Der Minister forderte: „Bei der Ausgestaltung und Umsetzung auf natio­naler Ebene brauchen wir eine enge und effiziente Abstimmung zwischen Bund und Ländern, denn die Länder haben qua Verfassung die zentrale Aufgabe der Vielfaltssicherung. Von wesentlicher Bedeutung für die Vielfaltssicherung im Netz ist die Festlegung von Mindestqualitätsstandards für den Internetzugang. Die Befugnis dazu weist Europa den nationalen Regulierungsbehörden zu. Angesichts des verfassungsgemäßen Auftrags der Länder ist es geboten, dass ein solches Verfahren im Einvernehmen mit den Ländern erfolgt. Deshalb sind neben der Bundesnetzagentur Inhalteregulierer wie die Landesmedienanstalten gefragt. Die Vorschläge von Professor Fetzer dienen vor diesem Hintergrund als wichtige Basis für die weitere Diskussion.“

Sechs Kernaussagen des Gutachtens von Professor Fetzer:

  1. Die Länder haben die Aufgabe, bei tatsächlichen oder zumindest klar erkennbaren Gefährdungen der inhaltlichen Angebotsvielfalt im Internet ggf. vielfaltssichernd einzugreifen. (S. 58)
  2. Abweichungen von Netzneutralität führen potenziell zu einer Reihe von Gefahren für die Angebotsvielfalt im Internet. Sie können Innovationen bei Inhalten reduzieren, indem sie insbesondere für nicht kommerzielle Inhalte nachteilig sind. (S. 22)

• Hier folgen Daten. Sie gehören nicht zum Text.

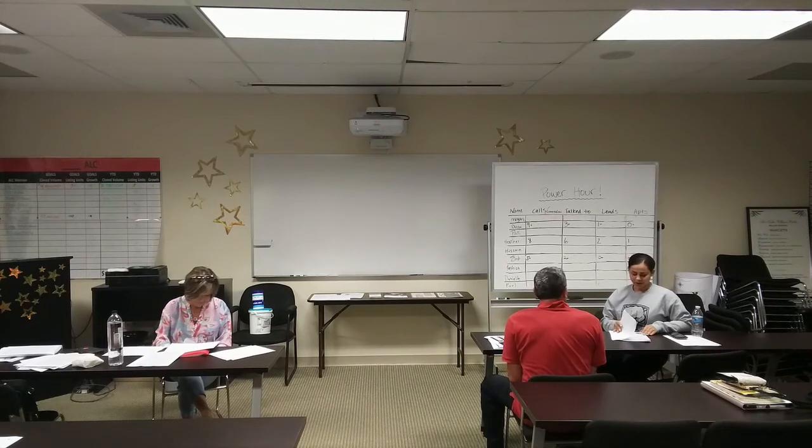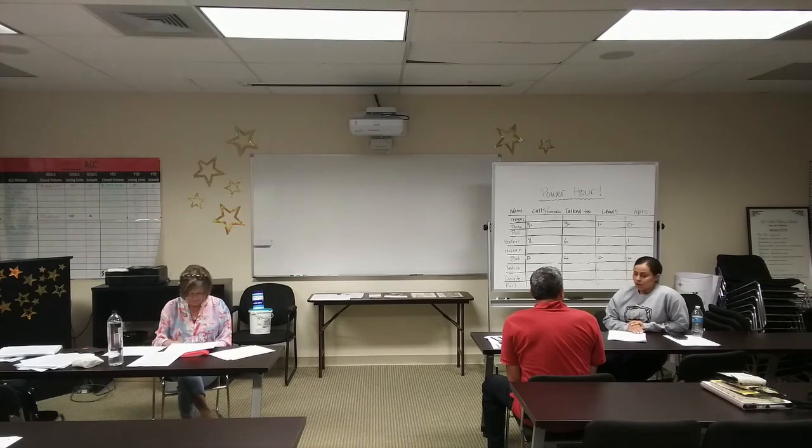Okay Bob, now that I've sent you some preliminary comps and a roundabout of what you might be able to sell for and what your proceeds are going to look like, and we've walked through the house — I'm going to start with: what questions do you have? Do you have any questions about the proceeds, the comps, or the process in particular?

  3. Die europäische Verordnung über einen elektronischen Binnenmarkt vom 27. Oktober 2015 stellt in ihren Regelungen zur Netzneutralität kein umfassendes Instrumentarium zur inhaltlichen Vielfaltssicherung zur Verfügung. Dies kann sie aber auch nicht leisten, da sie das Internet vor allem in seiner wirtschaftlichen Dimension im Fokus hat. (S. 48)
  4. Unsicherheiten in der Verordnung bestehen, ob das Internet durch sie so geschützt wird, dass inhaltliche und nicht nur wirtschaftliche Vielfalt gesichert ist und ob qualitätsgesicherte Dienste diskriminierungsfrei allen Nachfragern offenstehen müssen und auch nicht-marktbeherrschende Internetzugangsanbieter zu diesem Angebot verpflichtet sind. (S. 50)

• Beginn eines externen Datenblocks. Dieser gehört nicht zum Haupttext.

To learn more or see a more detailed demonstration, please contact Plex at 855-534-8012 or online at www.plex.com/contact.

  5. Bei der Festlegung von Mindestqualitätsstandards für den Internetzugang sollten auch die Länder materiell und verfahrensmäßig eingebunden werden, weil der Verfassungsauftrag zur Vielfaltssicherung den Ländern zukommt. (S. 55)
  6. Die Länder sollten ein effektives Monitoringsystem der Vielfalt im Internet etablieren, um potenzielle Fehlentwicklungen frühzeitig erkennen zu können und entsprechend vor dem Eintritt einer nicht mehr korrigierbaren Beeinträchtigung der Angebotsvielfalt einschreiten zu können. (S. 56)

 
Das Gutachten von Professor Fetzer ist zum Verbreiten komplett unter einer Creative-Commons-Lizenz freigegeben.